The Gloucester Citizen is looking for a new columnist. It’s a nice gig: 350 words, once a week. Simple, regular work – the freelancer’s dream.
Oh, but here’s the catch: there’s no pay.
This won’t stop dozens – perhaps hundreds – of people spending time on carefully crafted ‘competition entries’, in the hope of winning the ‘great opportunity’ to provide free content for their local paper. It’s not their fault – it’s the paper’s. Because as long as there are businesses and publications who expect something for nothing, there will be people willing to do it. People just starting out. People who aren’t yet confident enough of their own abilities to demand a fee. People who deserve better.
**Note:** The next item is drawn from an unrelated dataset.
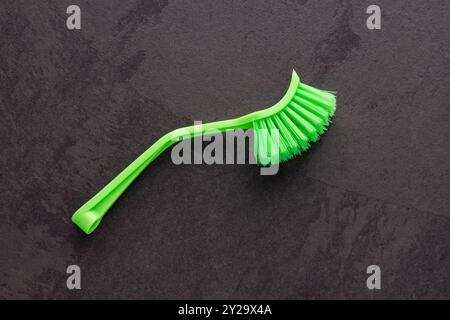 Brosse en plastique avec poils verts pour le nettoyage de la maison. Banque D'Images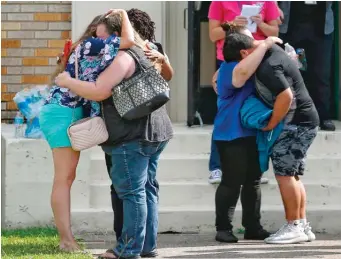  ?? MICHAEL CIAGLO/ HOUSTON CHRONICLE VIA AP ?? People embrace following a shooting at Santa Fe High School Friday.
Local papers struggle with budget constraints and free content is essential to editors. That’s why well-written press releases will often find a place, and thinly-veiled ‘advertorials’ fill the middle pages. Columnists are different. Columnists are, in my view, the life-blood of a newspaper or magazine. A witty or insightful columnist can carry an entire publication: it can be the page readers turn to first, or even the sole reason they pick up a copy. To openly seek someone to carry out this role for nothing is insulting to anyone who writes for a living. It undermines the very foundations of our profession and is in direct breach of NUJ guidelines. It suggests that words have no value, and that the Gloucester Citizen puts no value on its own content. Why would anyone pick up a newspaper like that?
I’m not completely against the idea of writing for free: in fact, I think there are times when it is an extremely astute move. But the ball should be firmly in the writer’s court. I have just written a 200-word column for a police newsletter. For free. I did it because it took me half an hour, and because it gave me an opportunity to promote my forthcoming book to a directly relevant audience. That’s it. I don’t write my Cotswold Life column for free. I don’t write articles for free. I don’t write for businesses for free. Because quality content has a value. And because, however it’s sold to you, ‘great opportunities’ don’t pay the bills.